▸ Your assignment:
In the copy, every record below must appear exactly as given, and no picture may appear.

BEGIN Supplied material

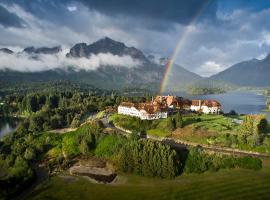 Llao Llao Resort, Golf-Spa โรงแรมในซานคาร์ลอส เด บาริโลเช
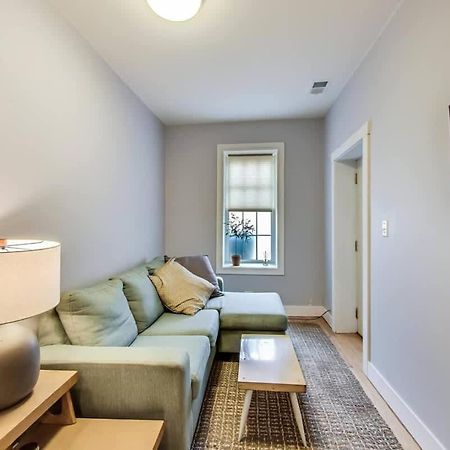Modern 2Br With Patio & Cozy Space Чикаго Экстерьер фото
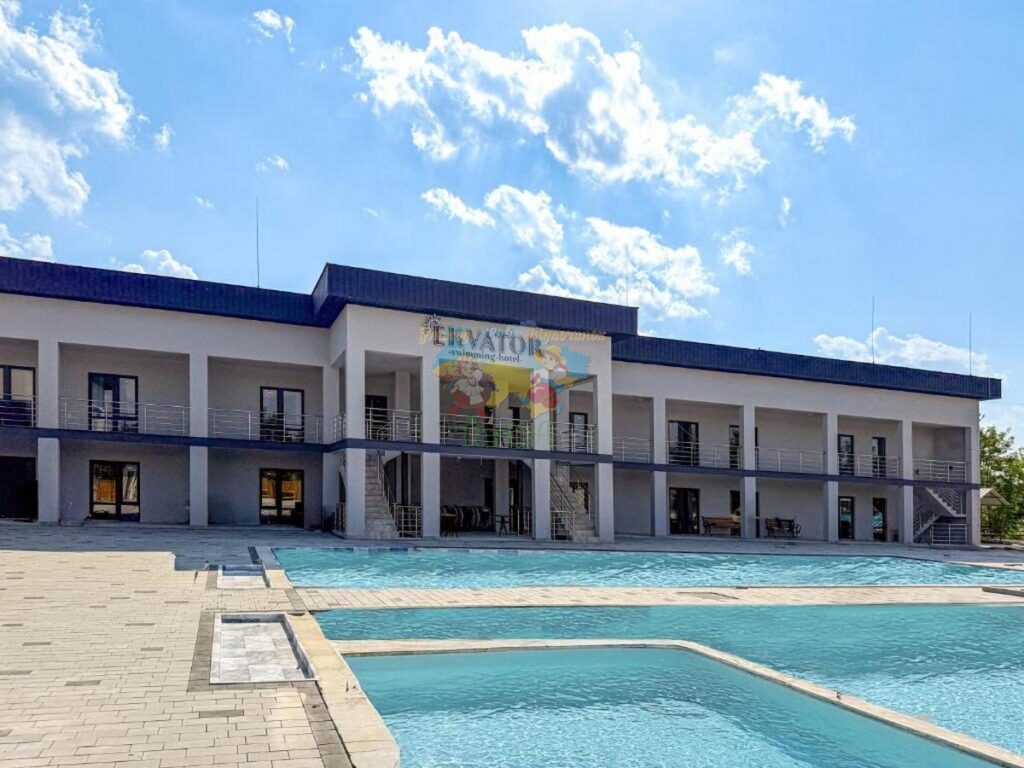 База відпочинку Екватор Солотвино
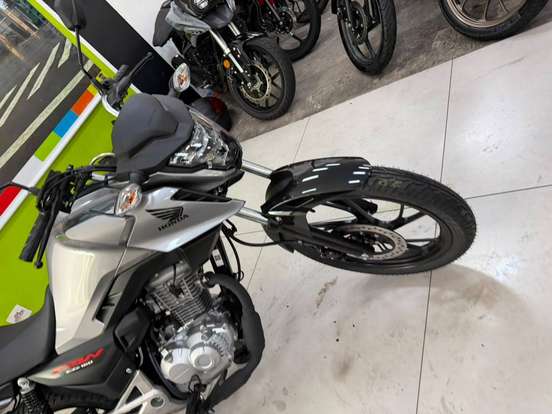 HONDA-CG 160 FAN HONDA-CG 160 FAN-2026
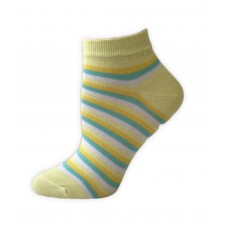 Женские носки короткие полоска (5013) Женские носки короткие полоска (5013)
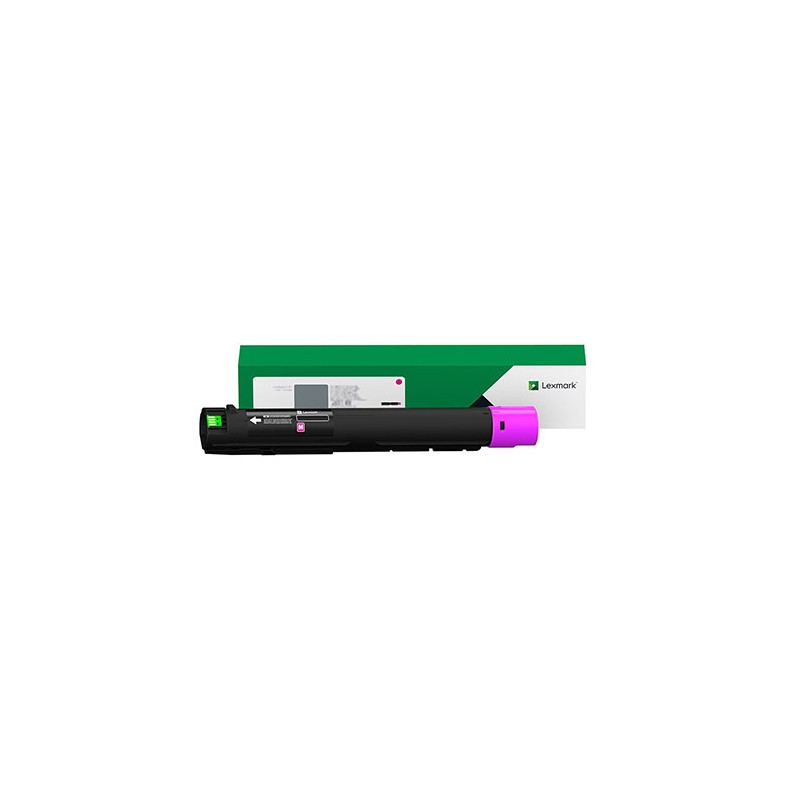 Oryginalny Toner Magenta Lexmark CX930 (85D0HM0)
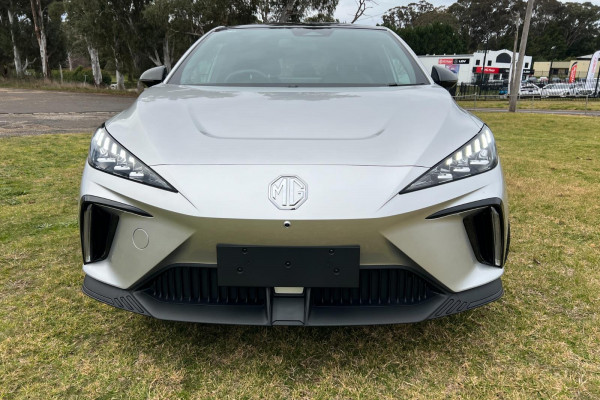 2024 MG MG4 MEH32 Long Range 77 Hatch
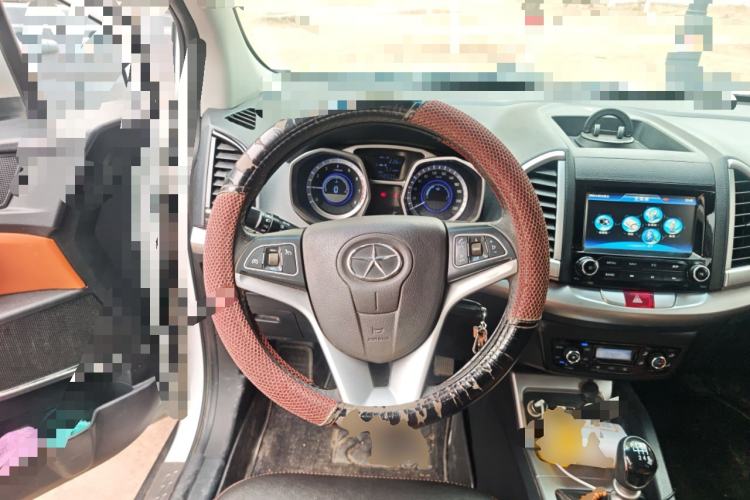 Used JAC Refine S3 2015 1.5L Manual Luxury Smart Deluxe Edition
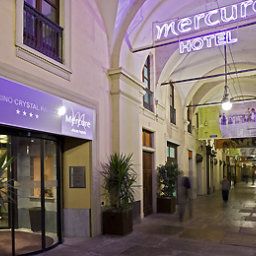  Mercure Torino Crystal Palace Fotos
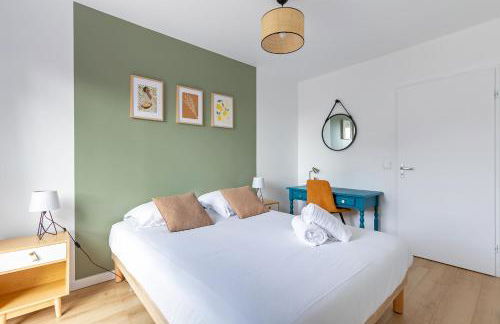 Le Duplex des Docks by So Homy - 2 Bed Room - 4 PAX - Foto 31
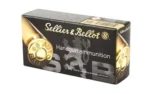 Sellier & Bellot S&B 45ACP 230GR JHP 50/1000 - alternate view 3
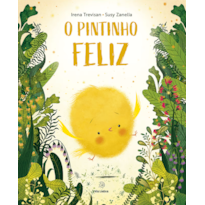 O pintinho feliz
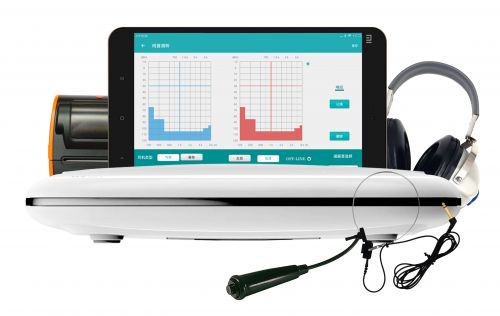 便攜式診斷型聽力計(jì)
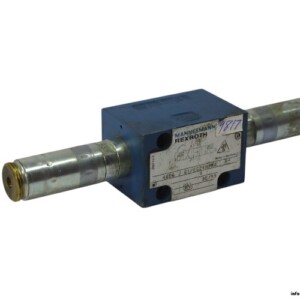 Rexroth 4WE6 J 61/EG24N9K4 Directional Control Valve
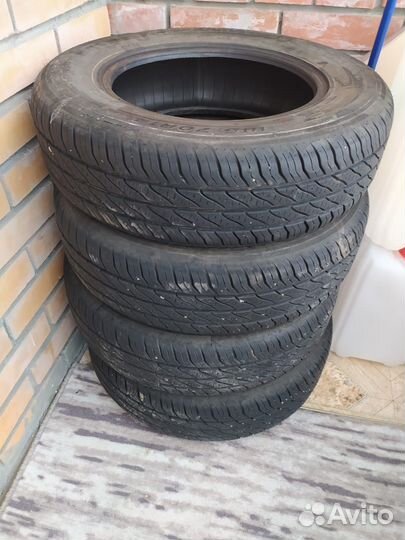 Шины r 14 летние бу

END Supplied material

▸ Answer box:
 Llao Llao Resort, Golf-Spa โรงแรมในซานคาร์ลอส เด บาริโลเช
Modern 2Br With Patio & Cozy Space Чикаго Экстерьер фото
 База відпочинку Екватор Солотвино
 HONDA-CG 160 FAN HONDA-CG 160 FAN-2026
 Женские носки короткие полоска (5013) Женские носки короткие полоска (5013)
 Oryginalny Toner Magenta Lexmark CX930 (85D0HM0)
 2024 MG MG4 MEH32 Long Range 77 Hatch
 Used JAC Refine S3 2015 1.5L Manual Luxury Smart Deluxe Edition
  Mercure Torino Crystal Palace Fotos
 Le Duplex des Docks by So Homy - 2 Bed Room - 4 PAX - Foto 31
 Sellier & Bellot S&B 45ACP 230GR JHP 50/1000 - alternate view 3
 O pintinho feliz
 便攜式診斷型聽力計(jì)
 Rexroth 4WE6 J 61/EG24N9K4 Directional Control Valve
 Шины r 14 летние бу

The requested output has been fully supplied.